Riforma pensioni ultime notizie: esodati ed opzione donna nella Legge di Bilancio 2017

La riforma delle pensioni sembra essere ad un punto di svolta. Dopo mesi di confronti politici e tecnici tra Governo e Sindacati, sembrerebbe che gli interventi abbiano preso finalmente forma. Tuttavia sono state varie le modifiche proposte alla Legge di Stabilità al momento al vaglio della Commissione Bilancio. E’ assodato che la riforma prevede che chi usufruirà dell’Ape, l’anticipo pensionistico, non potrà beneficiare della tredicesima e, per chi non possiede i requisiti per l’Ape social, bisogna considerare il prestito necessario per lasciare anticipatamente il lavoro. Ad ogni modo, in questi giorni , ha suscitato non poche preoccupazioni, la discussione parlamentare in atto sulla riforma delle pensioni.
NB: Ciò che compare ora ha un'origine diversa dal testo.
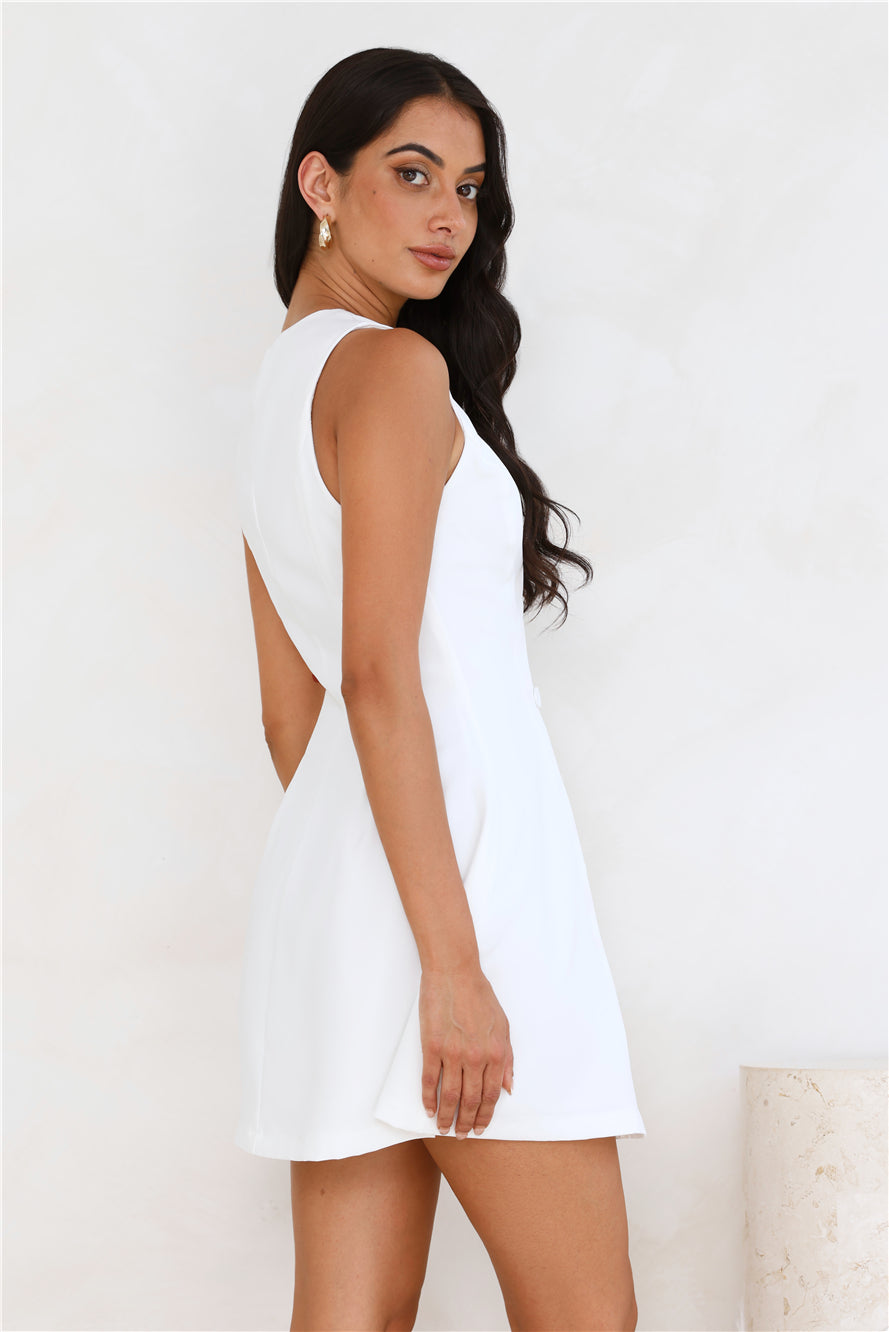 Office Chic Tailored Mini Dress White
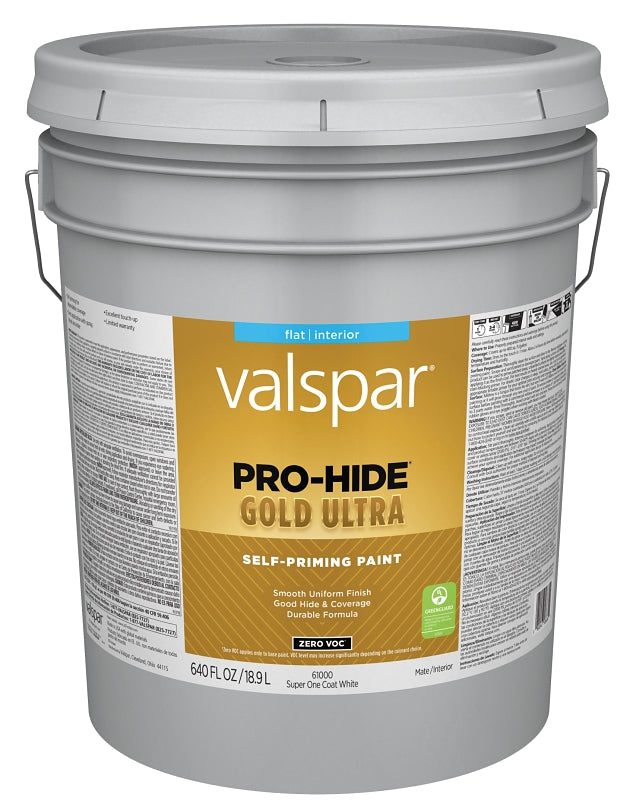 Pro-Hide Gold Ultra 6100 Series 028.0061000.008 Interior Self-Priming Paint, Acrylic, Flat, Super One Coat White, 5 gal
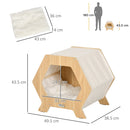 Cuccia per Gatti 49,5x38,5x43,5 cm in Legno e Tessuto con Cuscino in Peluche Quercia e Bianco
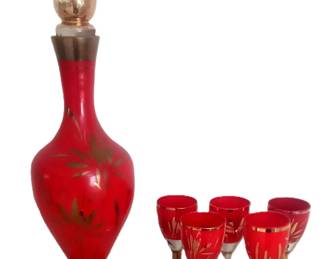 FLASHED GLASS CORDIAL DECANTER SET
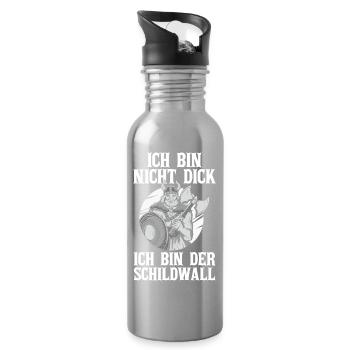 Mittelalter Schildwall Mittelaltermarkt Wikinger - Trinkflasche mit integriertem Trinkhalm - Lightsilver - Rechts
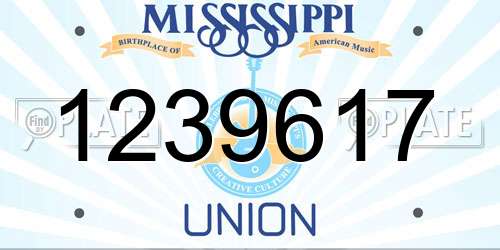 1239617 Mississippi License Plate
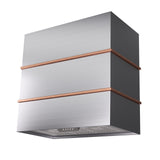 Modern kitchen hood with copper accents on a white background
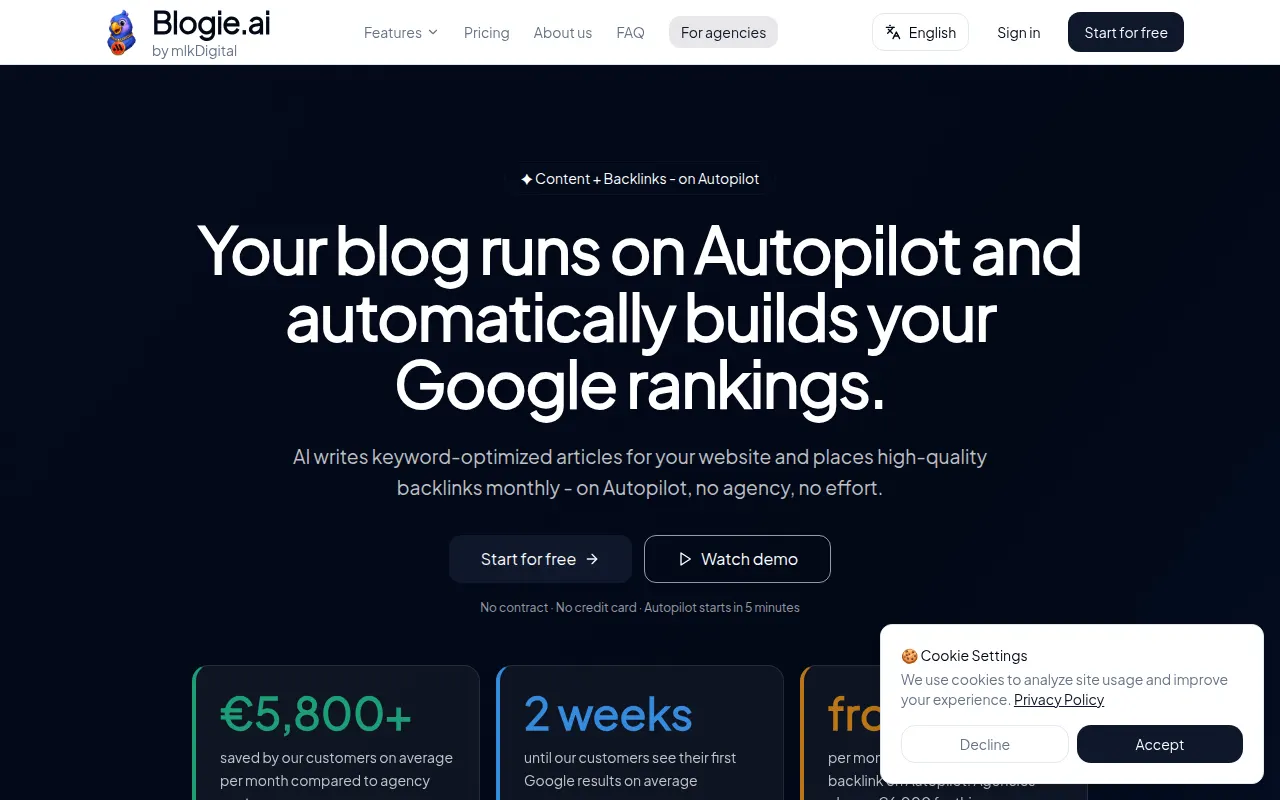 Homepage of blogie.ai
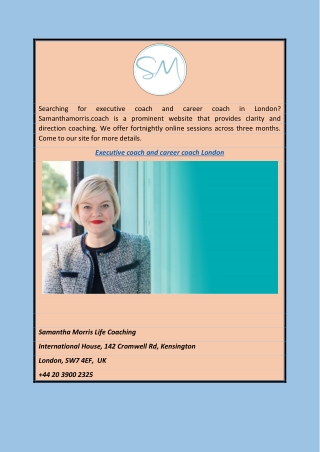 Executive Coach And Career Coach London Samanthamorris.coach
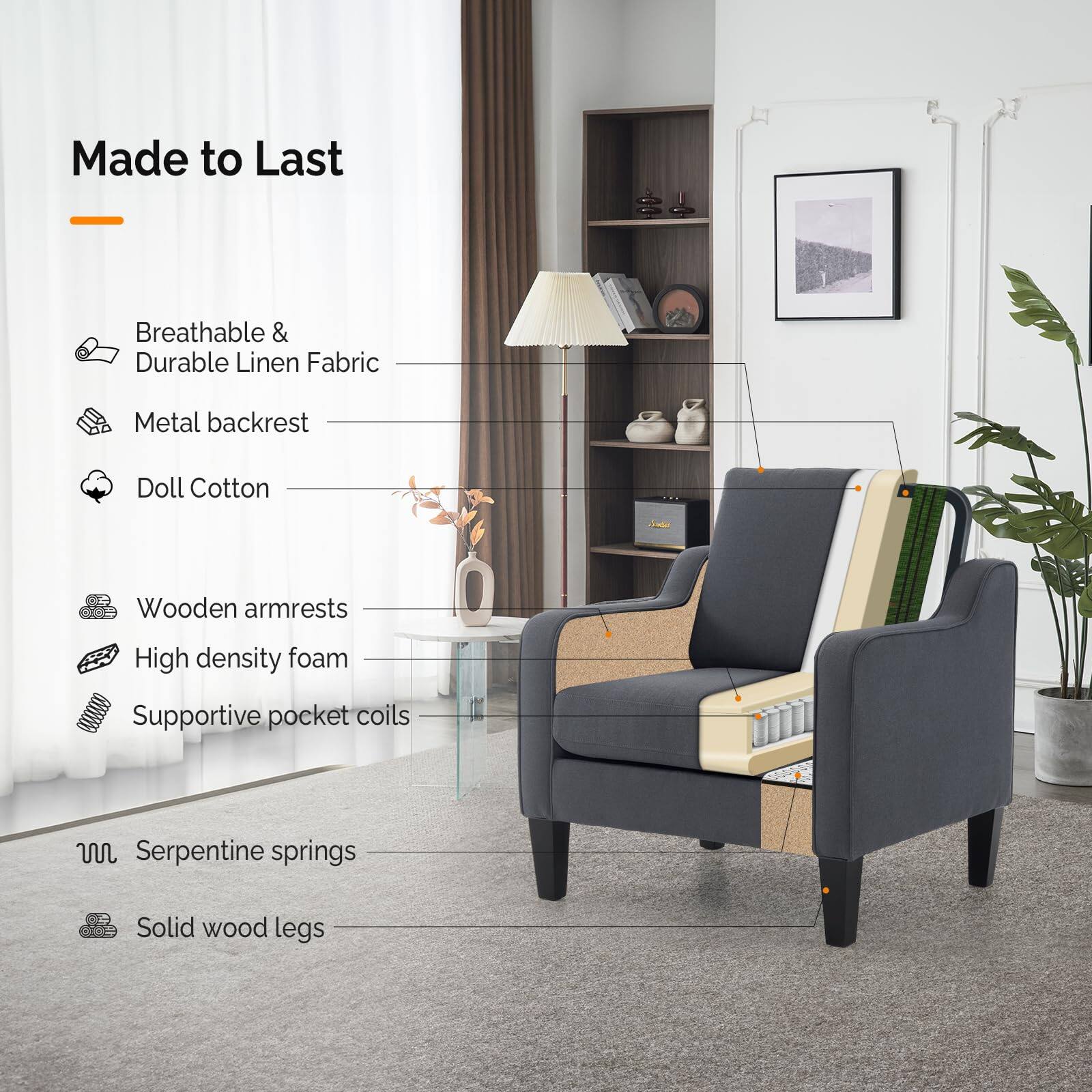 Made to Last

- Breathable & Durable Linen Fabric
- Metal backrest
- Doll Cotton
- Wooden armrests
- High density foam
- Supportive pocket coils
- Serpentine springs
- Solid wood legs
Innanzitutto rimane da capire chi rientrerà nell’ottava salvaguardia per gli esodati.

RIFORMA PENSIONI ULTIME NOTIZIE ( aggiornamenti 15 novembre 2016) I lavoratori chiedono tutele per tutti coloro i quali sono rimasti in mobilità ma la bozza prevede delle esclusioni. Analoga situazione quella dei lavoratori a tempo determinato: i sindacati hanno chiesto di includere tutti nel provvedimento ma sembrerebbe, anche in questo caso, che qualcuno rimarrà escluso. Una questione da definire con certezza è quella dei lavoratori agricoli e stagionali, definita come un’ingiusta discriminazione dalla UIL. Altre incertezze riguardano l’opzione donna. Il provvedimento è legato a due emendamenti dedicati all’estensione dell’opzione donna e al cumulo dei versamenti effettuati in casse differenti. Nella Legge di Bilancio 2017 le carte per questo intervento dovrebbero essere in regola per cui ci dovrebbero essere tutti i presupposti per garantire la pensione anticipata a molte lavoratrici. Ricordiamo che i fondi per l’opzione donna sono fuori dalla risorse stanziate per l’intera riforma delle pensioni. La situazione comunque dovrebbe sboccarsi a breve. Infatti sembrerebbe che entro il 27 novembre prossimo, dovrebbe essere reso noto il testo effettivamente approvato. Per cui entro un paio di settimane molti lavoratori potranno conoscere nel dettaglio il futuro che li attende e sapere se potranno beneficiare della pensione anticipata oppure se dovranno continuare a lavorare e attende l’età stabilita dalla Legge Fornero.